For example, sometimes teams become negative when they see their productivity gains decrease after an initial period of huge increases. Using learning curves, you can explain in advance what they should expect.

If you've introduced new systems or technology, then it pays to invest in an extensive training program, and ensure that adequate support is available. This will help speed up workers' rate of learning.

It is also a good idea to create a project team, with a brief to identify and capture the benefits and improvements gained by workers learning quickly. This team can then make sure that these improvements become embedded in everyone's way of working.

This is also a great time to emphasize why continuous improvement is so important to a healthy organization. There's a limited amount of efficiency that you can gain from one new initiative. To keep moving forward, you need to look constantly for new ways of doing things.

Limitations of the Learning Curve

The learning curve idea assumes that taking less and less time to do something is always a good, and possible, outcome. Typical applications are manufacturing, construction, and document processing. Sometimes, however, the learning curve doesn't apply, especially if the following is true:

  • Production is irregular.
  • Production quantities are small.
  • Products are highly customized.

In situations like these, workers can't usually benefit as much from learning and experience. That's because each situation presents a new learning challenge, and people don't necessarily repeat the same tasks.
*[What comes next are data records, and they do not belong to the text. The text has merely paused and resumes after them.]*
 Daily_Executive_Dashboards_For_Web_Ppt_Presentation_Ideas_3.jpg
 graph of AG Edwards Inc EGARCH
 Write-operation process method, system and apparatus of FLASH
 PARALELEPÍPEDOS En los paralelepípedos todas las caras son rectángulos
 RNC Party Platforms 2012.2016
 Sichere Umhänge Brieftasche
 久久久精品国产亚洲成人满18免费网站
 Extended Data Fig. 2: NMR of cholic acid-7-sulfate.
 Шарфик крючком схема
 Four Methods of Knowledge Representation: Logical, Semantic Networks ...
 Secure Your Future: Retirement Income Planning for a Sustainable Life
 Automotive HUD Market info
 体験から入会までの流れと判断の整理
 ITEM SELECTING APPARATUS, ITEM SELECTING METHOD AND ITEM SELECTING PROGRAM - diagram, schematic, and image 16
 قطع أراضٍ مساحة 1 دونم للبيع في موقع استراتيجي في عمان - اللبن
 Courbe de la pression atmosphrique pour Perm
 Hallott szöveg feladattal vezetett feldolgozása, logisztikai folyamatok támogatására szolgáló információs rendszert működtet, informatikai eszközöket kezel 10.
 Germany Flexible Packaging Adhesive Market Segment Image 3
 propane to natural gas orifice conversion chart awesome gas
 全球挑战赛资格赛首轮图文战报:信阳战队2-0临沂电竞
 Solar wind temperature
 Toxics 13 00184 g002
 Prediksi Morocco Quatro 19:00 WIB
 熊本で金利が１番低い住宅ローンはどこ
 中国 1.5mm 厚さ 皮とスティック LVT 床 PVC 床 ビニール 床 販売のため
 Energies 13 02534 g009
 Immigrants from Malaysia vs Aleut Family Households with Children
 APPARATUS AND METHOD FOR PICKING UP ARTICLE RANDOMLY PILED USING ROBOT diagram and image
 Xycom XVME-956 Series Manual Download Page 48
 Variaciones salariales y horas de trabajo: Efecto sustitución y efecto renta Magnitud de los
Another point to consider is the cost of investment. Before using the learning curve to justify implementing a change, make sure that your savings from faster learning will be higher than the cost of the investment. Doing something faster may be better – but only if there's a financial benefit associated with it.

Key Points

Learning curve theory is mainly about learning by doing. Mathematical models have shown that experience gained over time leads to improved performance, so costs may decrease as production progresses. This helps you gain a competitive advantage by finding ways to speed up the learning within your organization. To take advantage of these benefits, look for better processes – and implement those processes as soon as you can.